Exercise brief —
Quote, word for word, only the lines running from the line with "Another Branch olive" through the end of the listing. Leave out the pictures.

Exercise material —
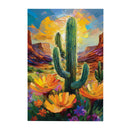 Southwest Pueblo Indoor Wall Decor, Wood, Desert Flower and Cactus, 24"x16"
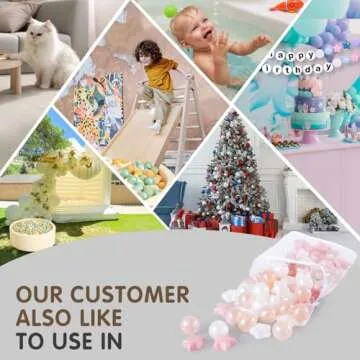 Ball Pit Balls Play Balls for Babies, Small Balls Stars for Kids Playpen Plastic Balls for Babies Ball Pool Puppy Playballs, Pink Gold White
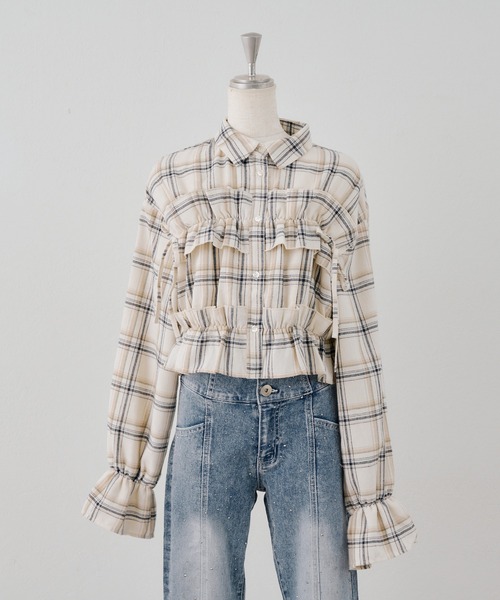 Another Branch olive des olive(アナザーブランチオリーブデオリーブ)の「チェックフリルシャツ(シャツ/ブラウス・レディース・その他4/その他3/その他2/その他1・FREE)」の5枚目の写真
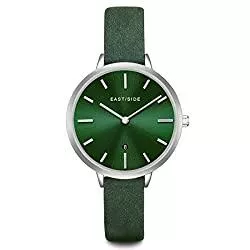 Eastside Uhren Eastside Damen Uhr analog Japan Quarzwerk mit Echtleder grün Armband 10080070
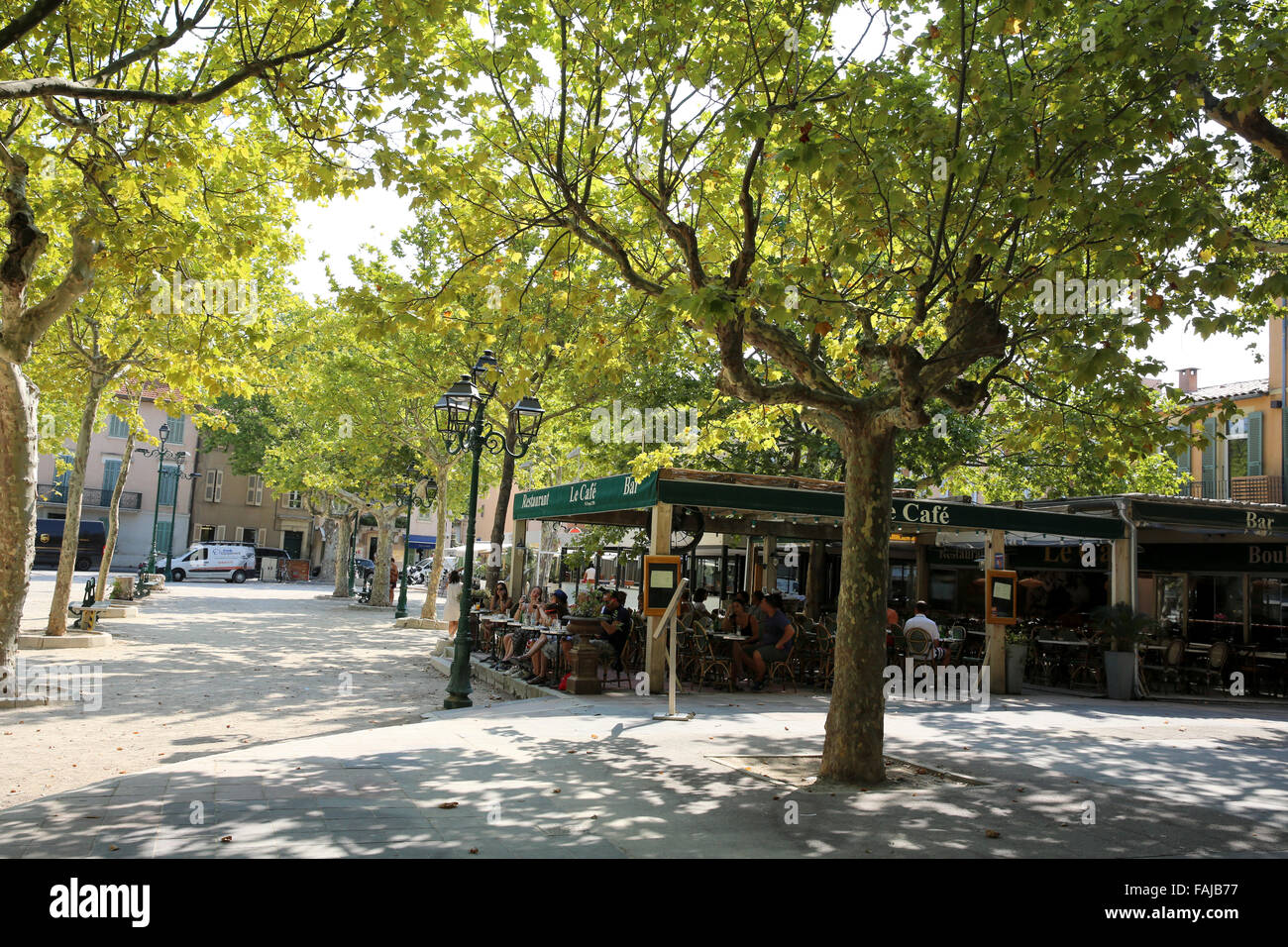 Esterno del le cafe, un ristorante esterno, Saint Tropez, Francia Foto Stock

Task solution —
 Another Branch olive des olive(アナザーブランチオリーブデオリーブ)の「チェックフリルシャツ(シャツ/ブラウス・レディース・その他4/その他3/その他2/その他1・FREE)」の5枚目の写真
 Eastside Uhren Eastside Damen Uhr analog Japan Quarzwerk mit Echtleder grün Armband 10080070
 Esterno del le cafe, un ristorante esterno, Saint Tropez, Francia Foto Stock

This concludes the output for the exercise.